# A multivariate data problem in search of a technique

About four years ago I took a graduate course in multivariate statistics. Now I'm faced with a data problem which is ringing a bell about something covered toward the end of the semester but even though I've gone back through my old homeworks etc. I'm having trouble determining what technique I am looking for. Secondarily, whatever technique I'm looking for I'm wanting to implement in R but I'll settle for just being pointed in the right direction.

Here is a simplified statement of the problem.

Suppose I have a data set where each entry describes an object and for each entry there are several variables. I'll arbitrarily name those variables X, A, B, C, and D, some of which may be numerical quantities and some may be categories:

 X | A | B | C | D
---|---|---|---|---
4.3|265| Y |red|7.1
3.2|740| N |grn|9.0
2.2|655| Y |wht|8.2
.
.
.


Through some mathematical process performed on this data, a function f is established such that X = f(A,B,C,D), with the understanding that here by "=" I mean "a value and some confidence interval" and not strict equality.

Suppose now that the aforementioned data set is a subset of a larger dataset in which the X variable is missing and so are some number of the other variabless (always the same variables for all elements of the dataset), such that e.g. f(B,D) gives me an estimated value for X with what I would expect to be a wider confidence interval than I would have obtained if I also had supplied fields A and C.

In my actual problem, the data set elements are buildings, the X variable is a given year's energy consumption for each building, and I have a great many other variables I can supply to include footprint square footage, number of stories, land use type (roughly 200 mostly-not-hierarchical categories), annual heating and cooling degree days at the building's location, and construction year. My expectation is that some of the variables will prove to have a very high bearing on energy consumption, others will not, and yet others may have a significant bearing even though the connection between them is not at all readily apparent.

Of the entire territory over which I am concerned with the buildings' energy consumption, I only have many data variables for a contiguous area comprising roughly 1/10th of the entire territory and I can only obtain actual annual energy consumption (X) for a subset of that contiguous area's buildings. My hope is that through statistical techniques I can leverage the data where I have a large number of data variables including energy consumption to estimate 1) energy consumption for the rest of that contiguous area's buildings and 2) energy consumption for the other 9/10ths of the entire territory where I don't have energy consumption data and have only a few of the other variables. I may be able to get real energy consumption data from buildings where I only have a few variables instead of the complete (less energy consumption) set of variables if that helps anything (even if just to increase the sample size).

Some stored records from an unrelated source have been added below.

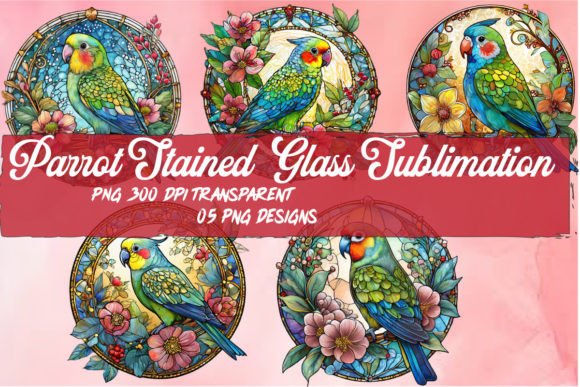 Download Parrot Stained Glass PNG Sublimation - Sublimation Collection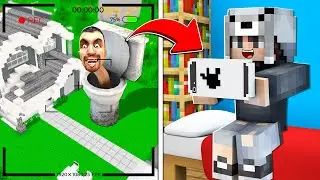 SKİBİDİ TUVALET ADAMI KAMERADA YAKALADIM - Minecraft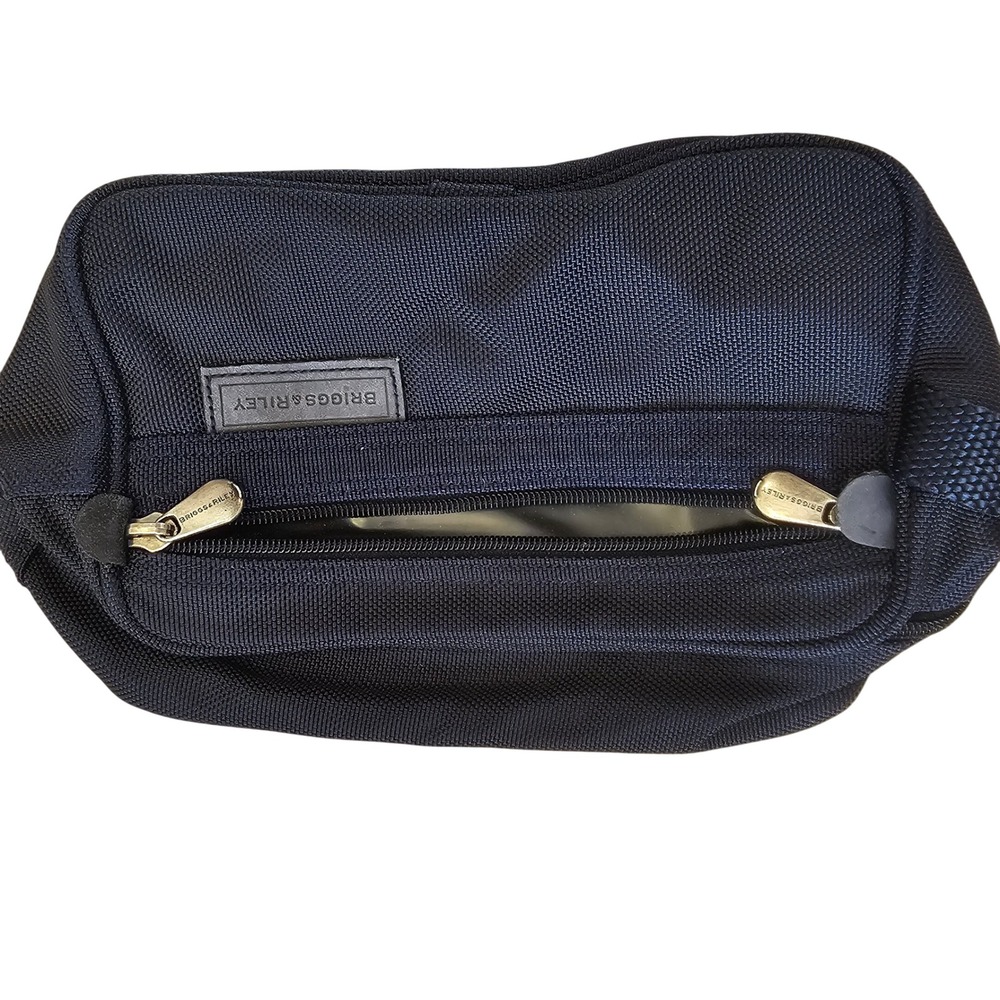 Briggs & Riley Navy Blue Ballistic Nylon Toiletry Kit Dopp Bag Travel Organizer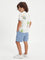 HOP Kids Boys Off White Tropical Printed Shirt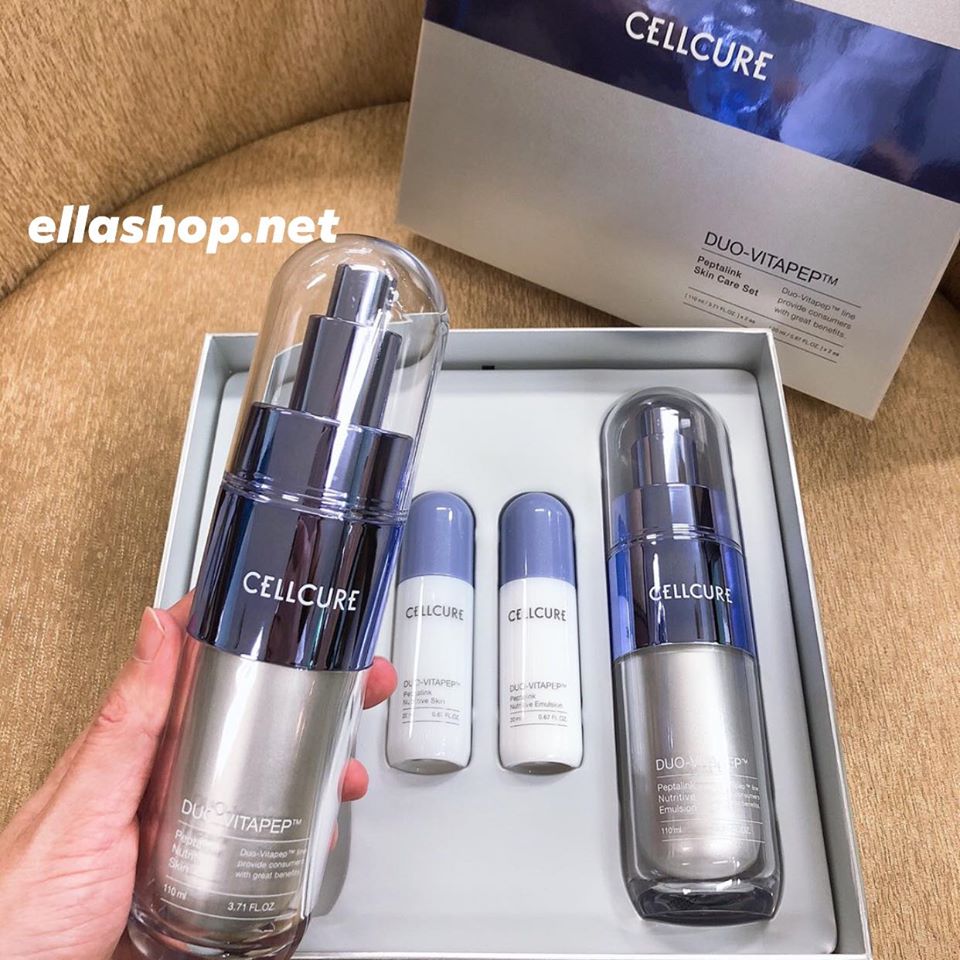 Cellcure Duo-Vitapep Peptalink Skincare Set 110ml+110ml+20ml+20ml Cellcure Duo-Vitapep Peptalink Skincare Set 110ml+110ml+20ml+20ml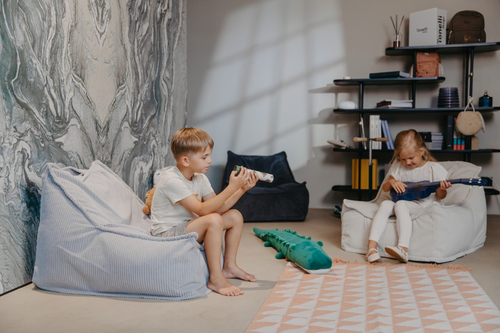 Yappy Kids Yappyhug Sitzsack, Light Grey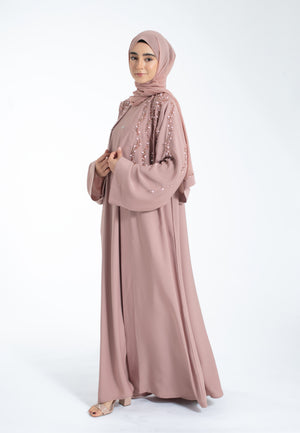 Crushed-Rose-Quartz-Embellished-Abaya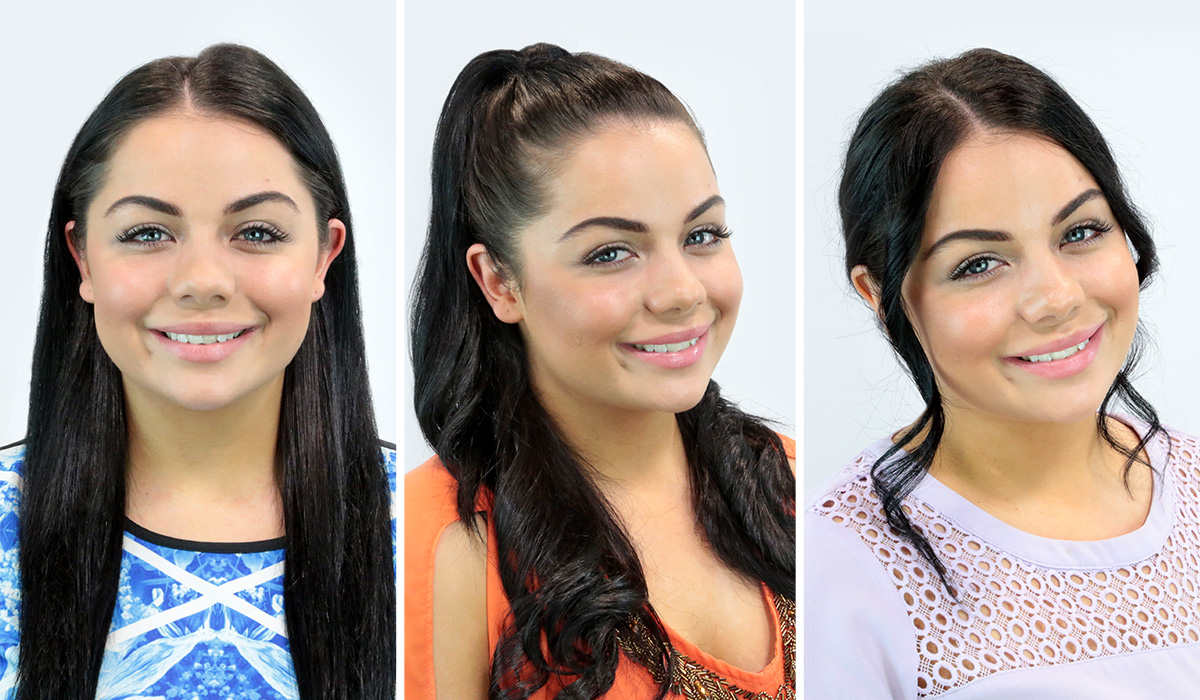 3 quick hairstyles with your straightener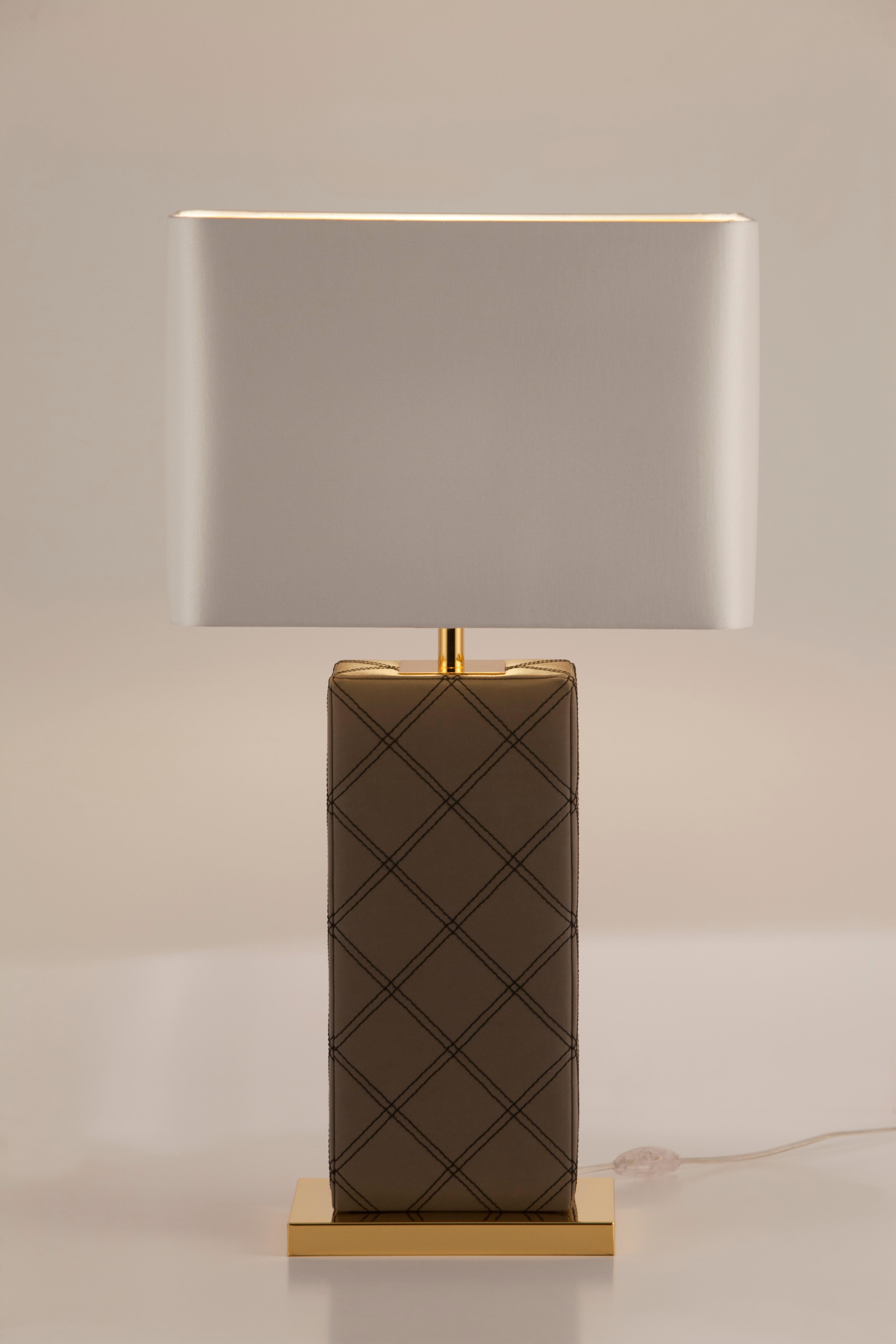 Brossé Set/2 lampe de table, lampe de table Oceanus, fait à la main au Portugal Greenapple en vente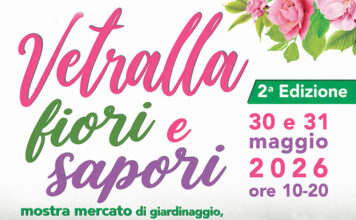 Vetralla Fiori e Sapori con Verde in Scena espositori e piante alla villa Comunale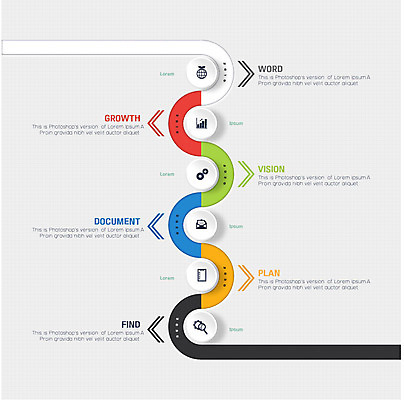 도형 곡선 일러스트 비즈니스 버튼 돋보기 그래프 사람없음 인포그래픽 계획 국내일러스트 AI파일 선 컨셉 파일형식 벡터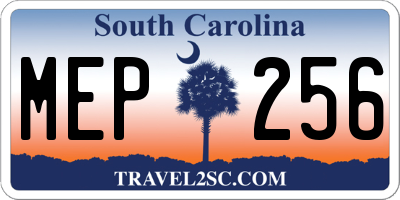SC license plate MEP256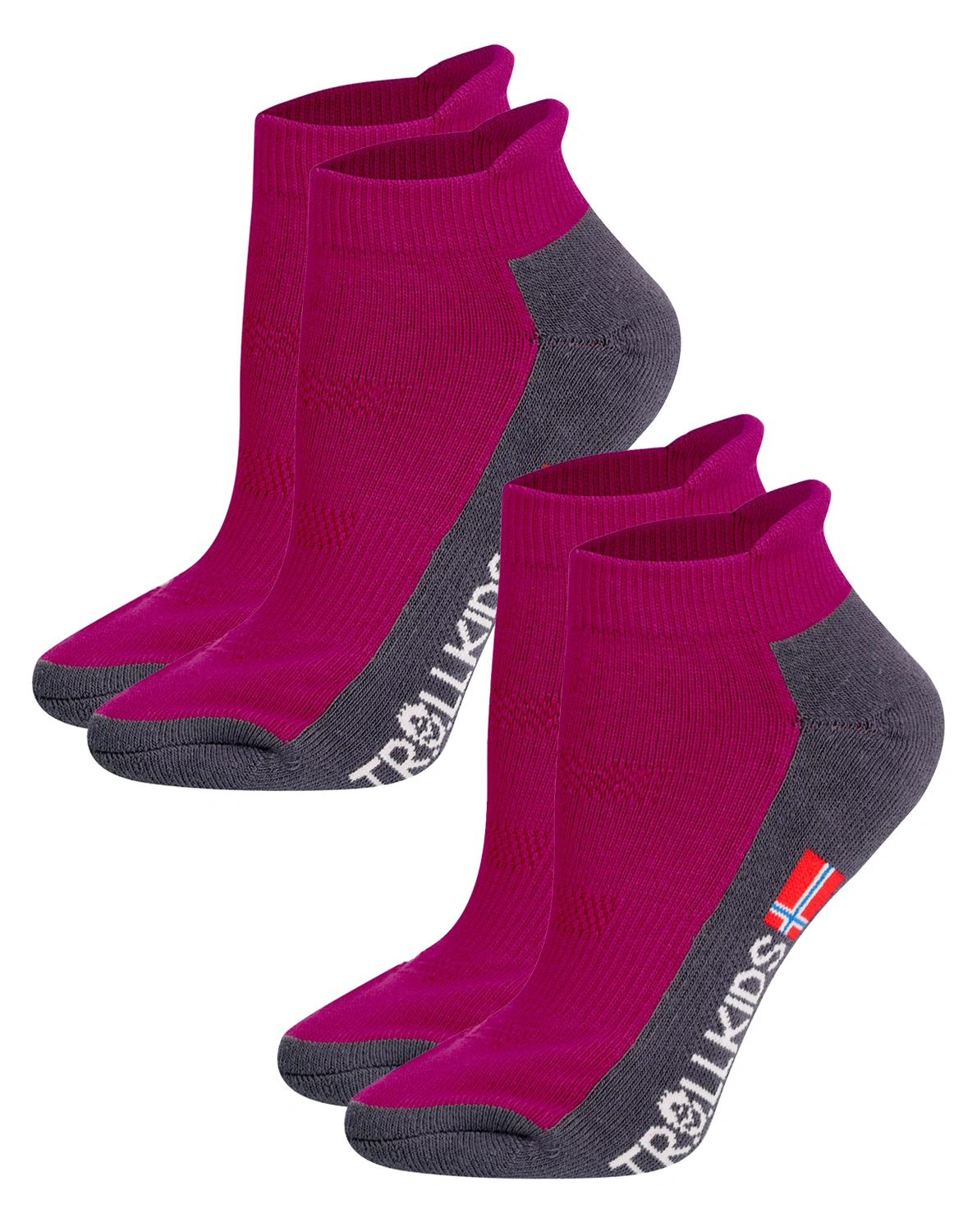 Hiking-Socken LOW CUT 2er-Pack in berry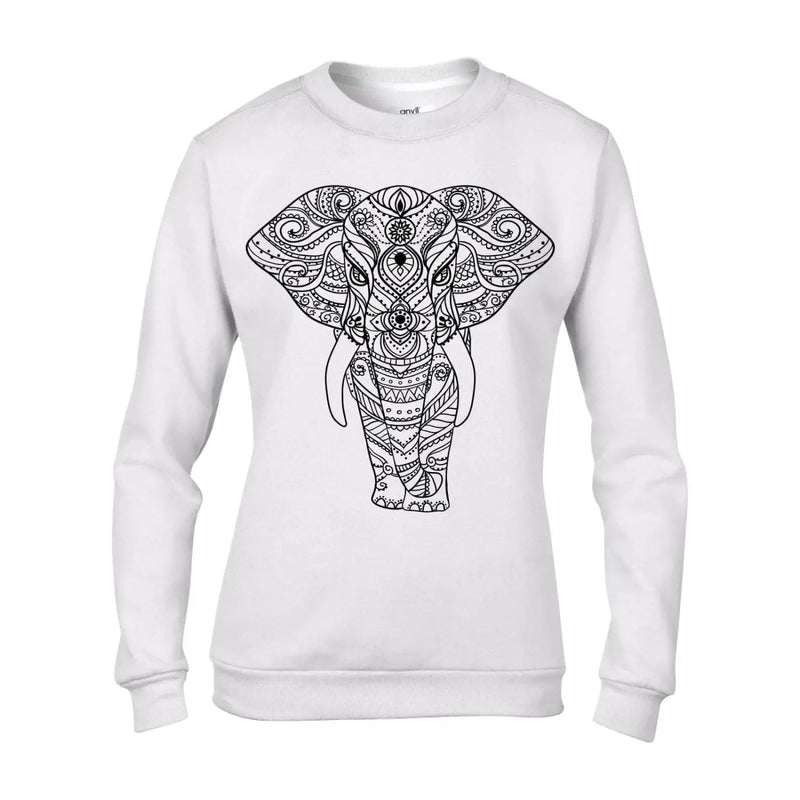 Tribal Indian Elephant Tattoo Hipster Women&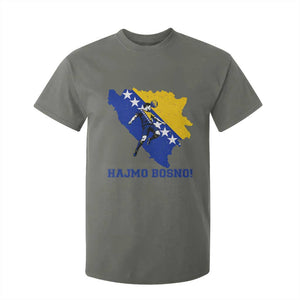 Vintage Bosnian Map Football Fan T Shirt For Kid Proud Balkan Heritage Gift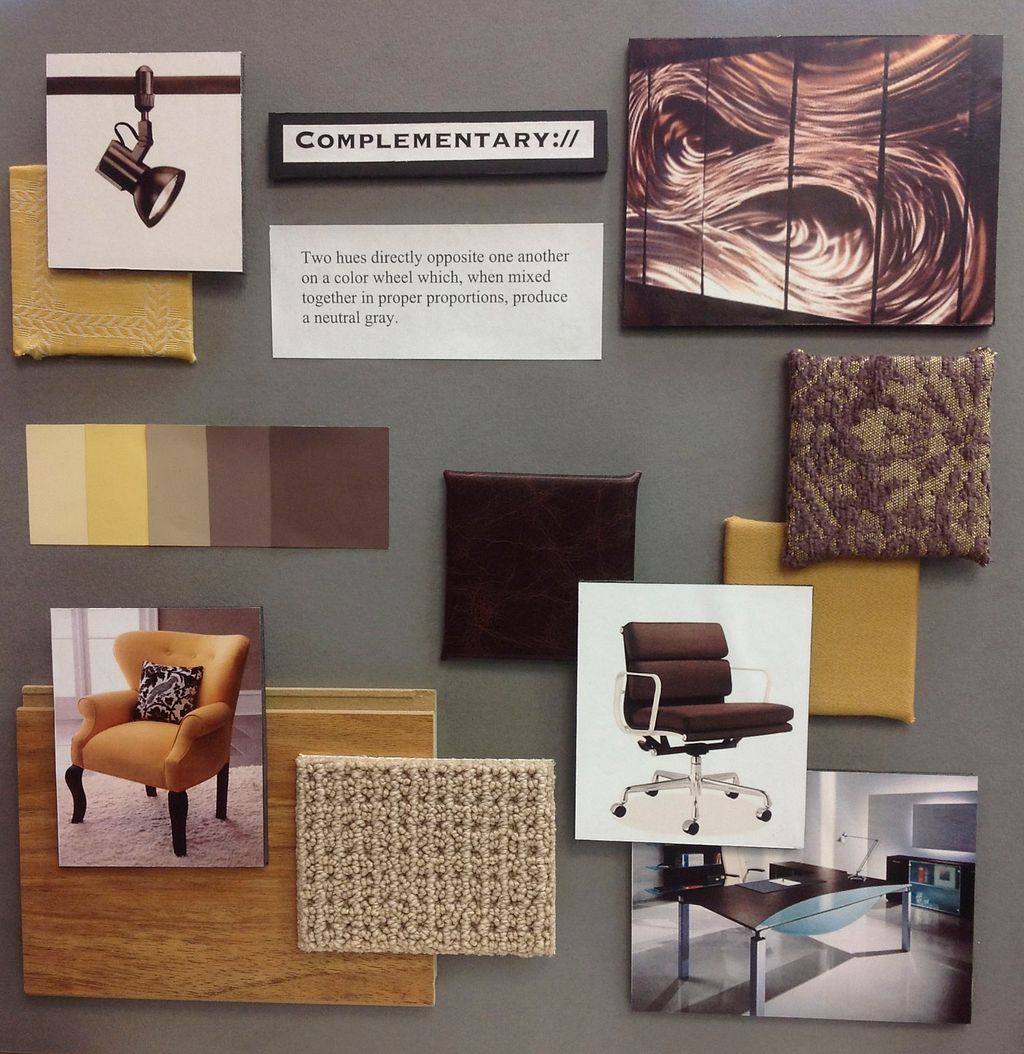 Complimentary contemporary moodboard of personal o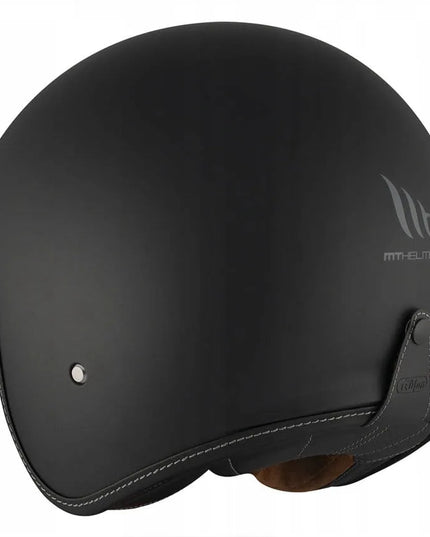 MT HELMETS LE MANS 2 SV S JET BLACK MATT atviras motociklininko šalmas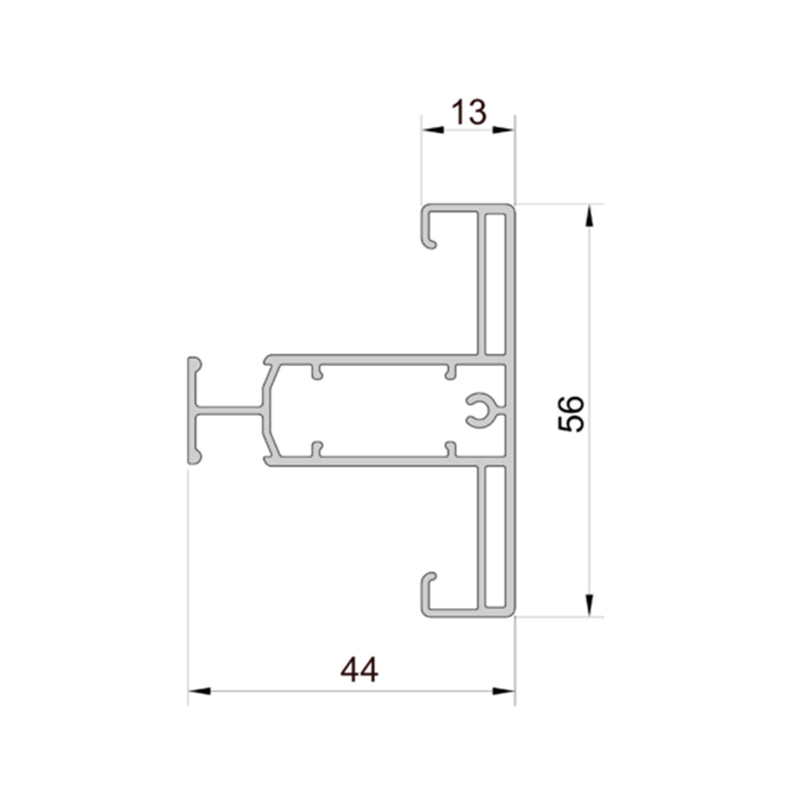 Aluprof ALU Führungsschiene PPZDSRS/56/T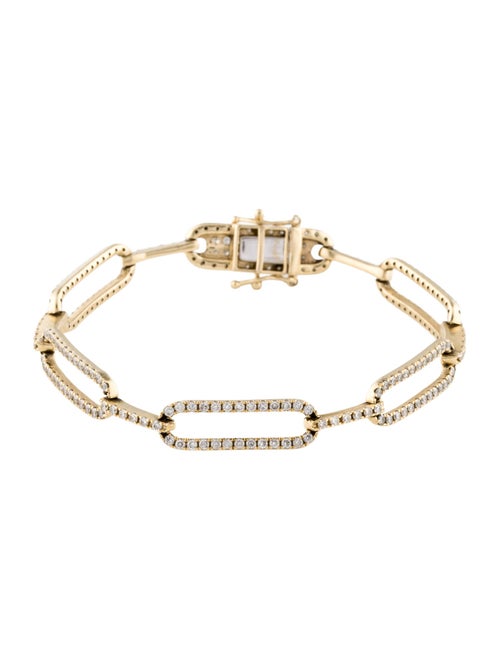 Bracelet 14K 3.0ctw Diamond Link Braceleet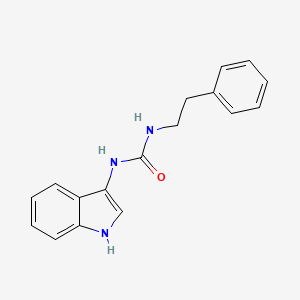 molecular formula C17H17N3O B2748933 1-(1H-吲哚-3-基)-3-苯乙基脲 CAS No. 941968-49-6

Is what I'm trying to do possible and does it have a name? Is this what ANOVA/MANOVA are for?

Is what I'm trying to do possible and does it have a name?

Yes. I would call this "multivariate regression with missing data."

Is this what ANOVA/MANOVA are for?

There are some key differences: ANOVA and MANOVA are used when the predictors are categorical. You seem to have some continuous predictors. Also, ANOVA is usually thought of as an inference tool, not a prediction tool. You need predictions, not parameter inferences.

Before I continue, be warned that inferences made using data from one area may not apply to other areas, and missing data may not have similar characteristics to data that are present. These sources of uncertainty will not disappear if you ignore them.

I'd suggest you use a linear model or a generalized linear model. Within this framework, you have several options to deal with missing data and selection of variables. For variable selection, one popular option is LASSO regularization, discussed here on CV. There's also the AIC and its descendants (like AICc). For missing data, you could:

• Train the model separately for each subset of variables where you need predictions.
• Impute the data.
• Use built-in features to handle missing values. There is some info here about facilities to do this in R.

Regression is a rabbit hole, and so is missing data, and so is model selection. Good luck.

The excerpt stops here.